═══ Given records
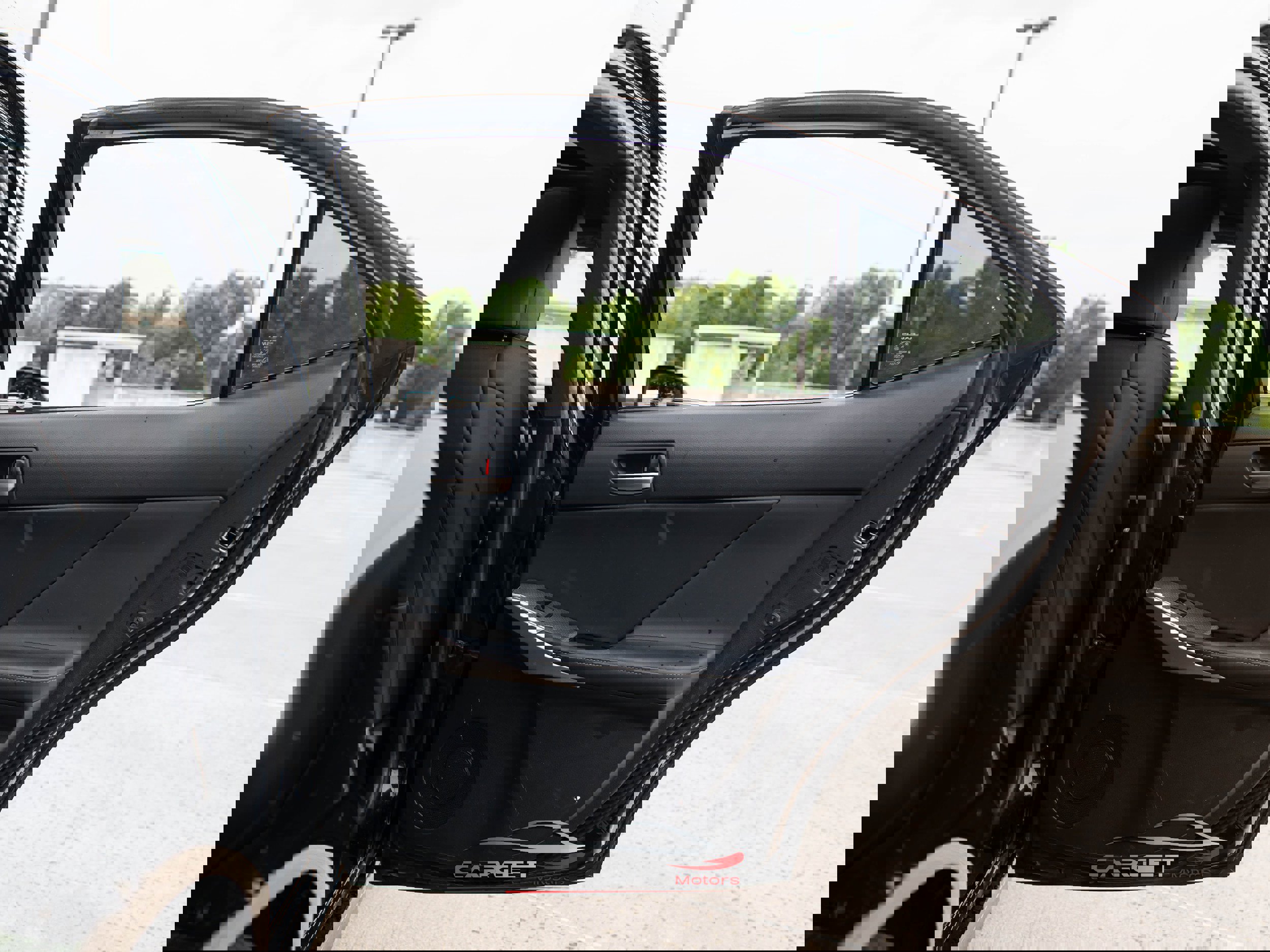 Used 2018 Lexus IS 300 F Sport w/ F Sport Package image 38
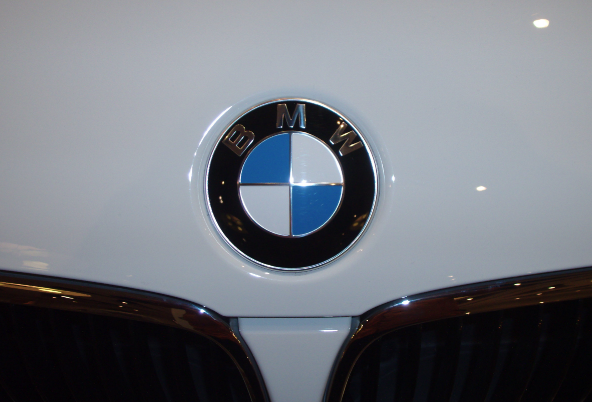 Ünlü markaların logolarındaki gizli mesajlar - 2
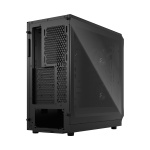 Fractal Design Focus 2 Sort TG Clear Tint Fractal Design Focus 2 Sort TG Clear Tint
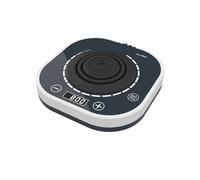 Agitateur Orbital, Mélangeur de laboratoire, agitateur for pigments tatouage, vernis à ongles, encre liquide, 3000 tr/min, VM-400Max(VM-400)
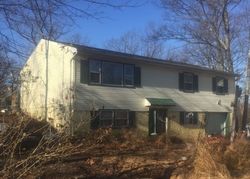 Foreclosure in  LINCOLN TRL Hopatcong, NJ 07843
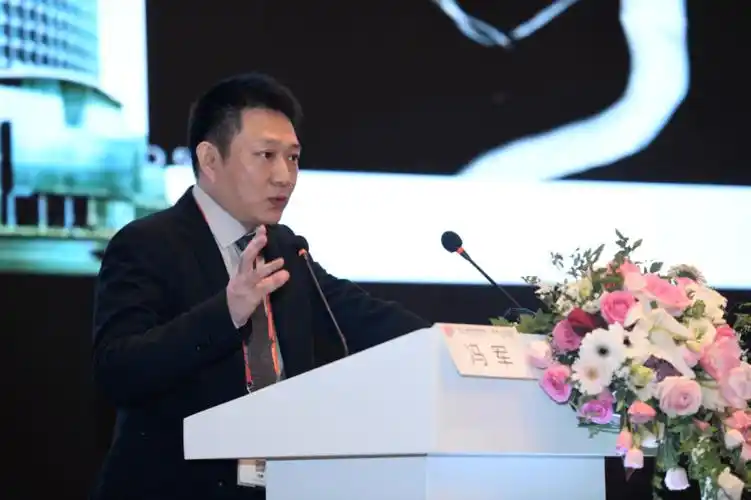 cfcvd2021丨精华速递颅内动脉瘤专题全程回顾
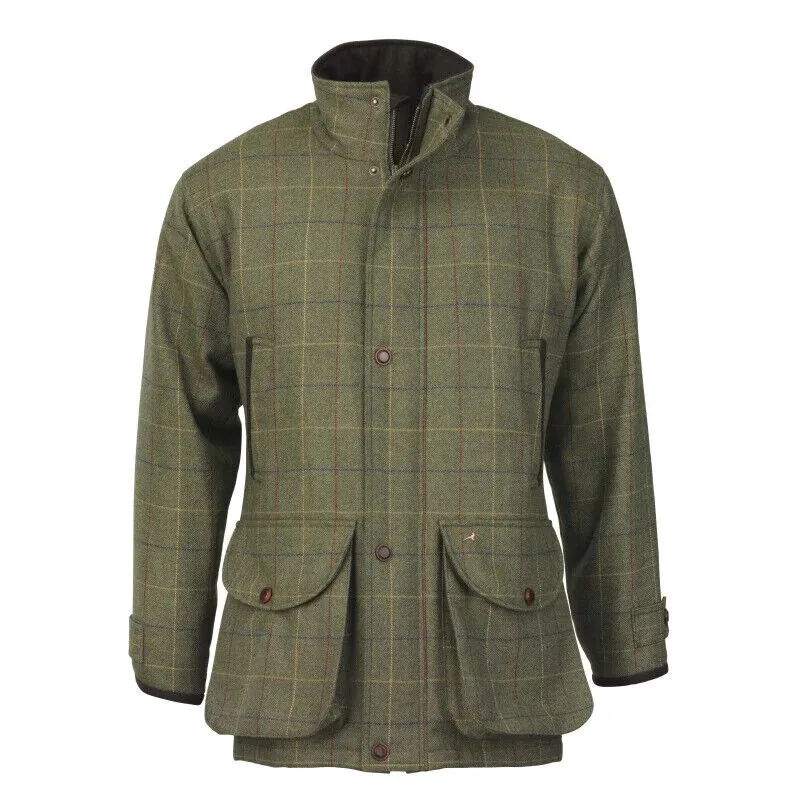 Laksen Woodhay Wingfield Coat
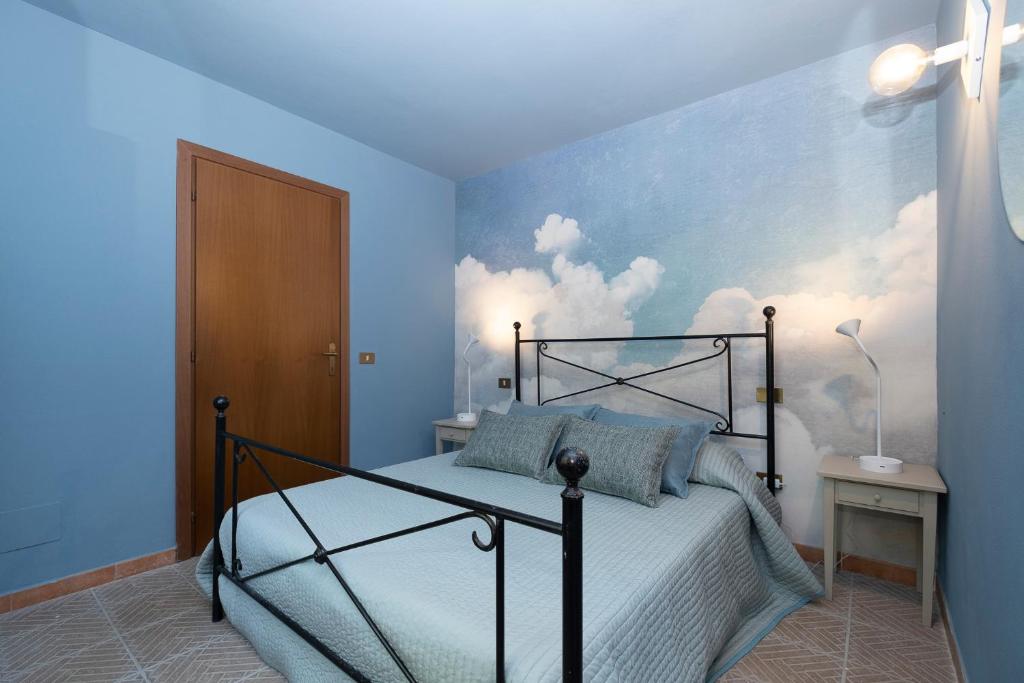 Villa Barbara - Apartamento De Una Habitación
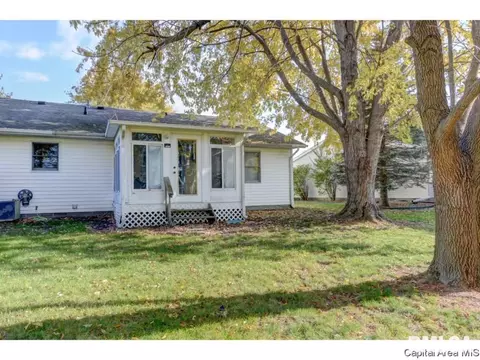 3331 Rawlings Dr, Springfield, IL 62704 photo 18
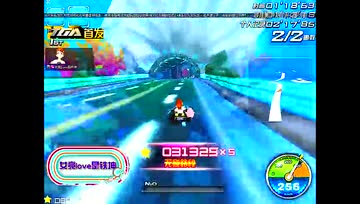 【赛道之王】海洋公园2.23.10（爵士）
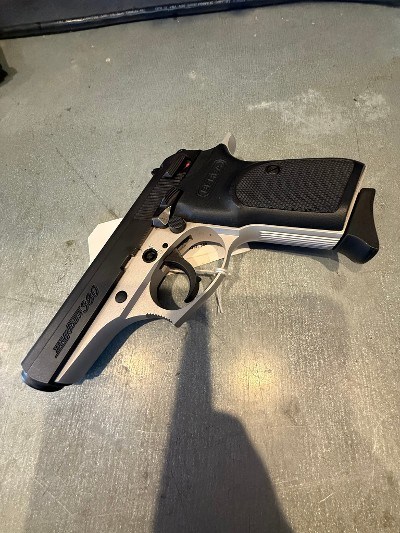 BERSA Thunder 380 .380 ACP - Image 1 of 10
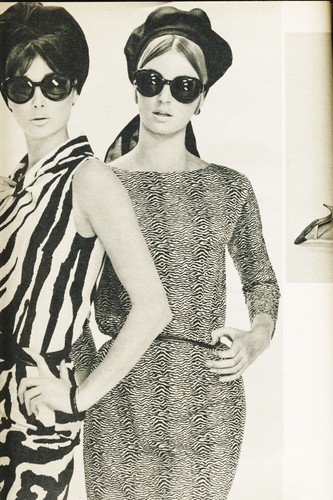 Brigitte 1964 die - die, neue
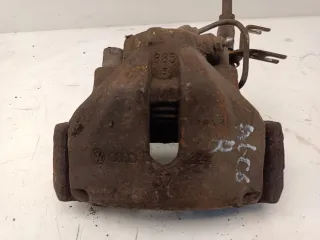  Суппорт тормозной передний правый Audi A6 C6 (S6,RS6) Арт 87123205, вид 1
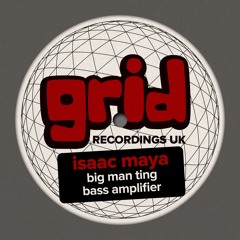 GRIDUK262 - ISAAC MAYA
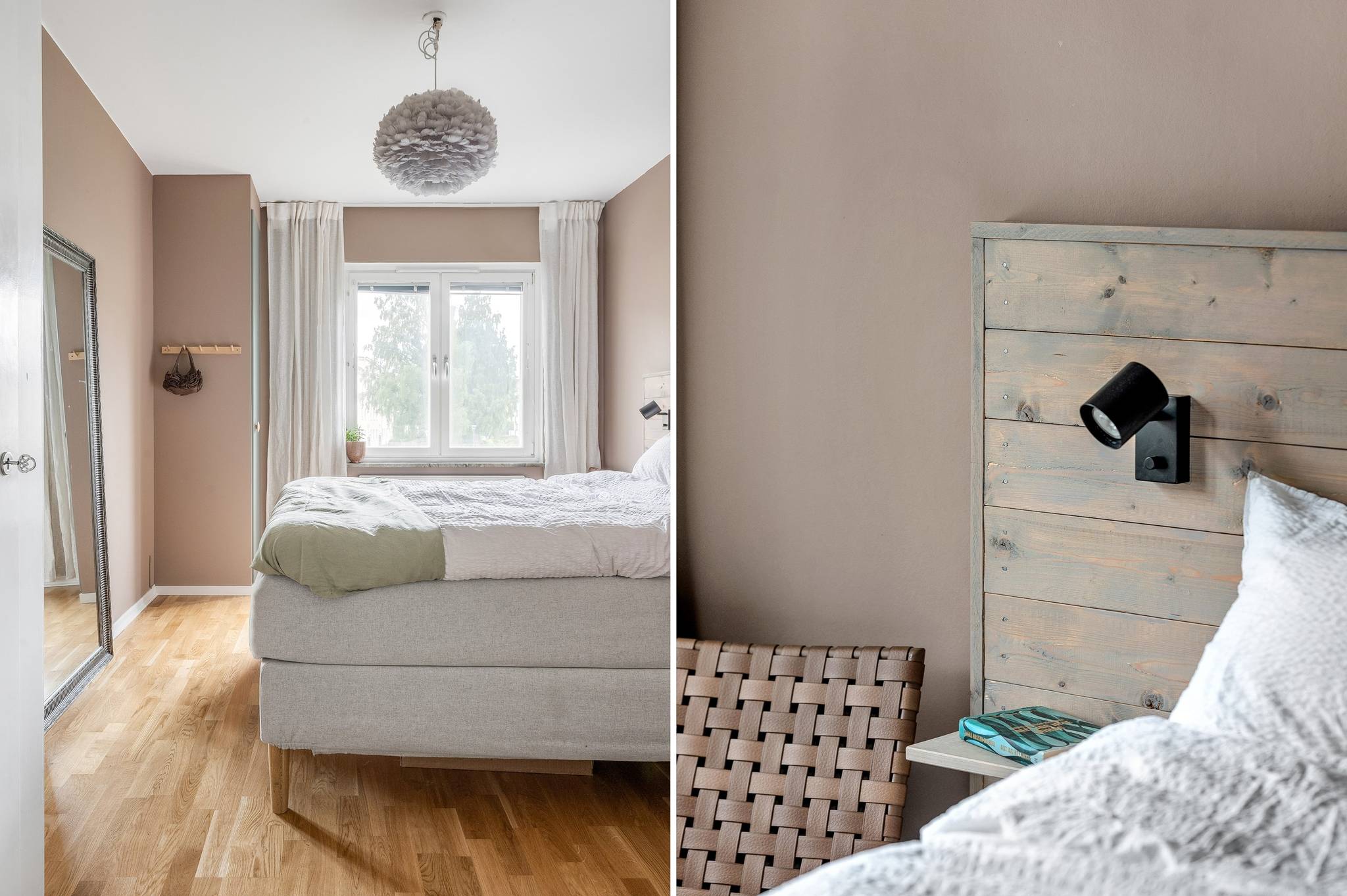 2 rum Lägenhet på Torkelsgatan 14B Fålhagen Uppsala kommun - bild 10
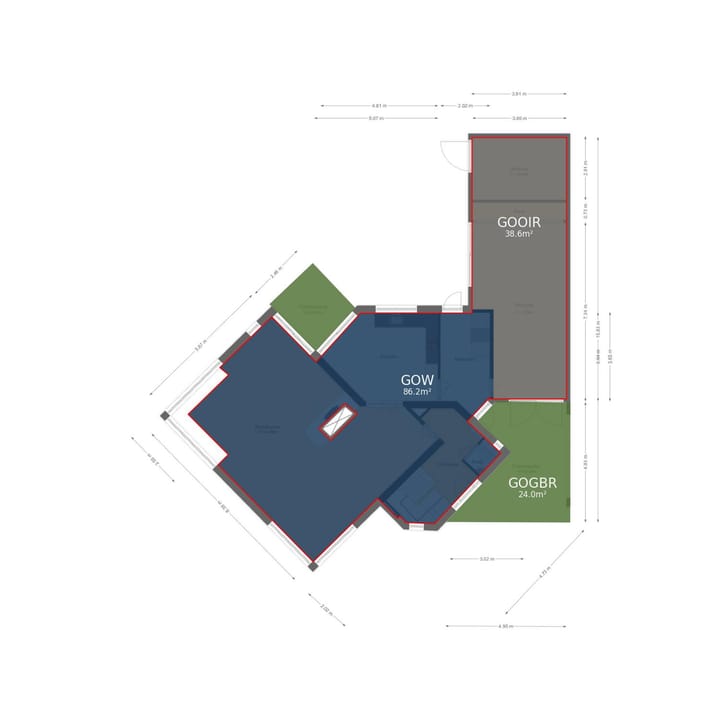 Foto 43 van Joostenkamp 10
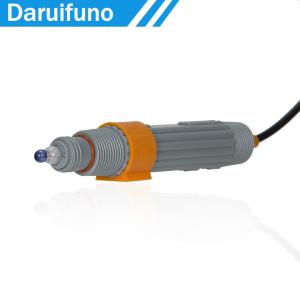China Integrated Digital PH Sensor RS485 Communication For Water Treatment on sale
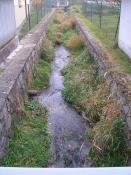 Bohdalínský potok 3 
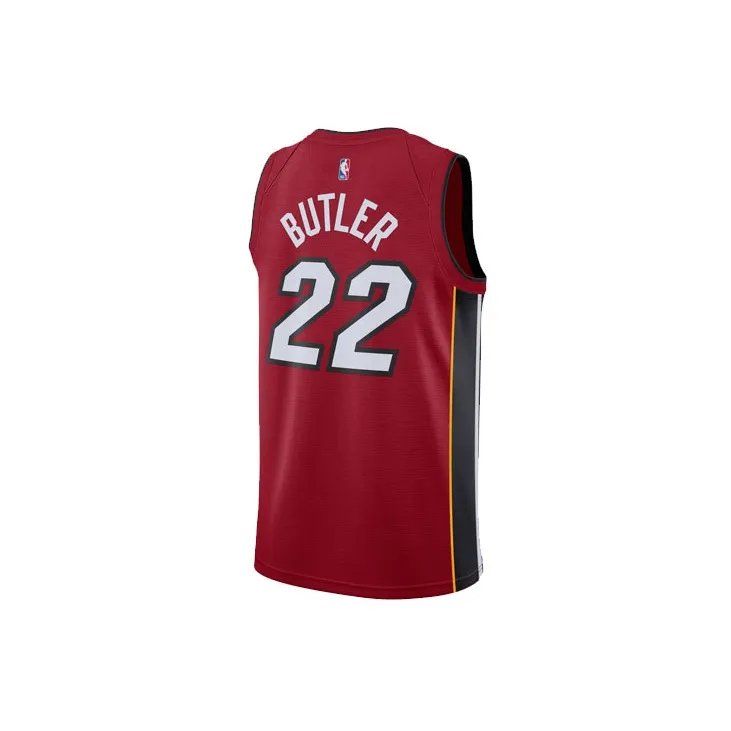 Nike Butler Statement Swingman Jersey-1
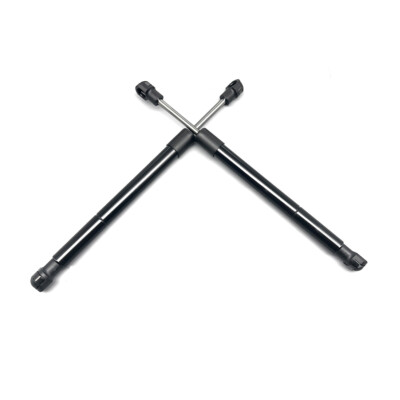 2Pcs Fits For Hustler Raptor SD SDX XDX XL Mower 603983 Steering Control Dampers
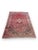 Large Antique Middle Eastern Qashqai Rug For Sale - Image 3 of 5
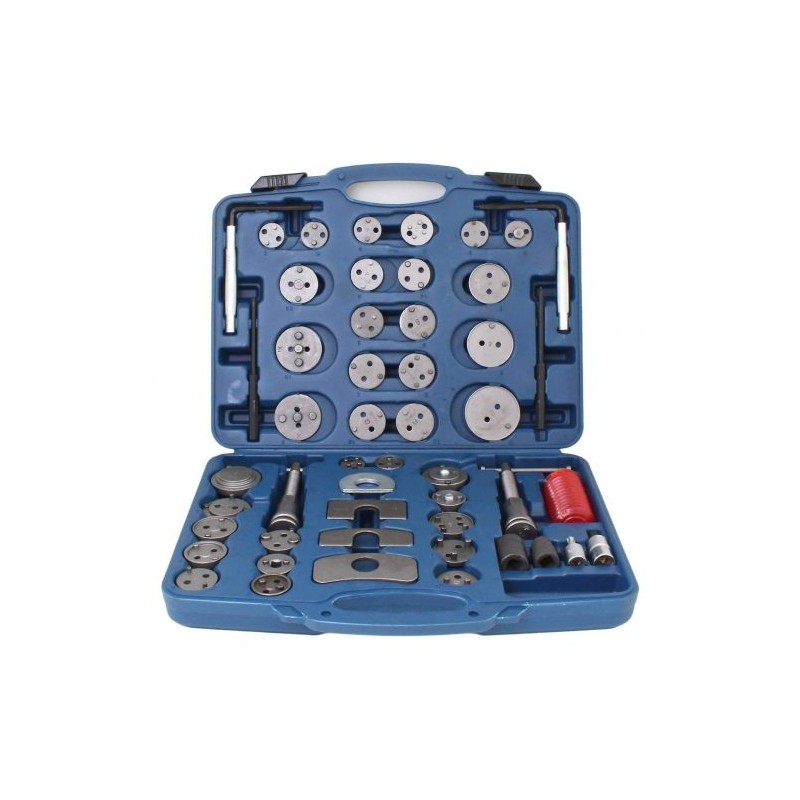 Bremsen Rückstellung Set 50 teilig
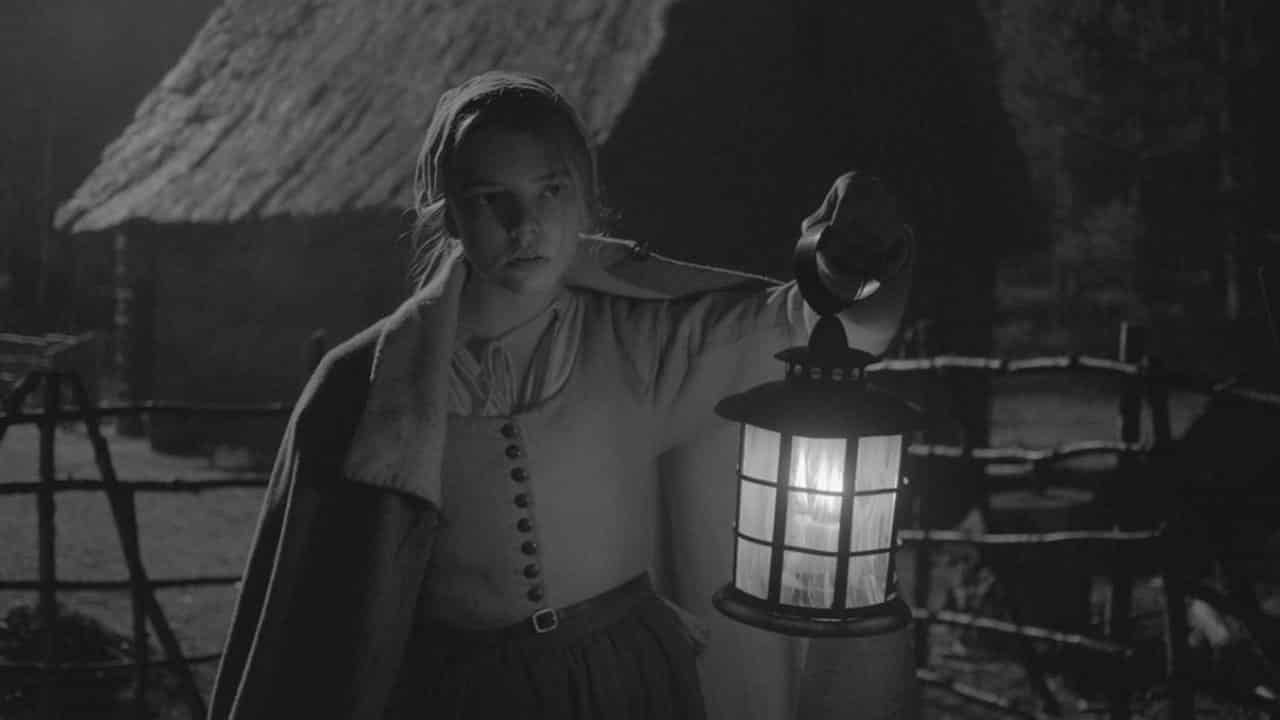 The Lighthouse: girato in bianco e nero il nuovo horror di Robert Eggers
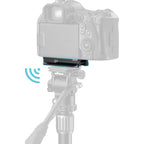 SmallRig MD5424 Plaque de Montage Arca-Swiss pour AirTag pour Canon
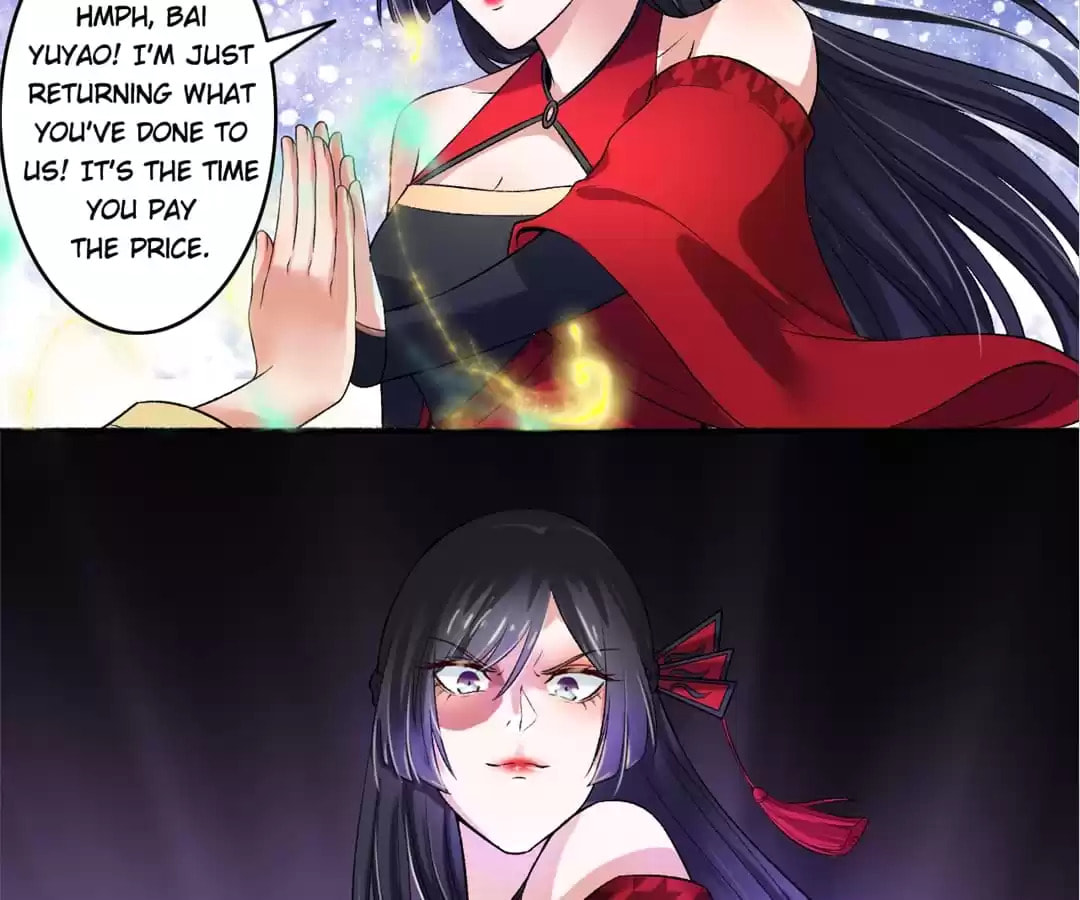 Read The Peerless Concubine (Colored) chapter 10 image 38 on Lezhin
══════
What you should do » A verbatim transcription of the listing is expected, with no pictures included.

Your response »
 Used 2018 Lexus IS 300 F Sport w/ F Sport Package image 38
 Ünlü markaların logolarındaki gizli mesajlar - 2
 Fractal Design Focus 2 Sort TG Clear Tint Fractal Design Focus 2 Sort TG Clear Tint
 Agitateur Orbital, Mélangeur de laboratoire, agitateur for pigments tatouage, vernis à ongles, encre liquide, 3000 tr/min, VM-400Max(VM-400)
 Foreclosure in  LINCOLN TRL Hopatcong, NJ 07843
 cfcvd2021丨精华速递颅内动脉瘤专题全程回顾
 Laksen Woodhay Wingfield Coat
 Villa Barbara - Apartamento De Una Habitación
 3331 Rawlings Dr, Springfield, IL 62704 photo 18
 【赛道之王】海洋公园2.23.10（爵士）
 BERSA Thunder 380 .380 ACP - Image 1 of 10
 Brigitte 1964 die - die, neue
  Суппорт тормозной передний правый Audi A6 C6 (S6,RS6) Арт 87123205, вид 1
 GRIDUK262 - ISAAC MAYA
 2 rum Lägenhet på Torkelsgatan 14B Fålhagen Uppsala kommun - bild 10
 Foto 43 van Joostenkamp 10
China Integrated Digital PH Sensor RS485 Communication For Water Treatment on sale
 Bohdalínský potok 3 
 Nike Butler Statement Swingman Jersey-1
 2Pcs Fits For Hustler Raptor SD SDX XDX XL Mower 603983 Steering Control Dampers
 Large Antique Middle Eastern Qashqai Rug For Sale - Image 3 of 5
 Bremsen Rückstellung Set 50 teilig
 The Lighthouse: girato in bianco e nero il nuovo horror di Robert Eggers
 SmallRig MD5424 Plaque de Montage Arca-Swiss pour AirTag pour Canon
 Read The Peerless Concubine (Colored) chapter 10 image 38 on Lezhin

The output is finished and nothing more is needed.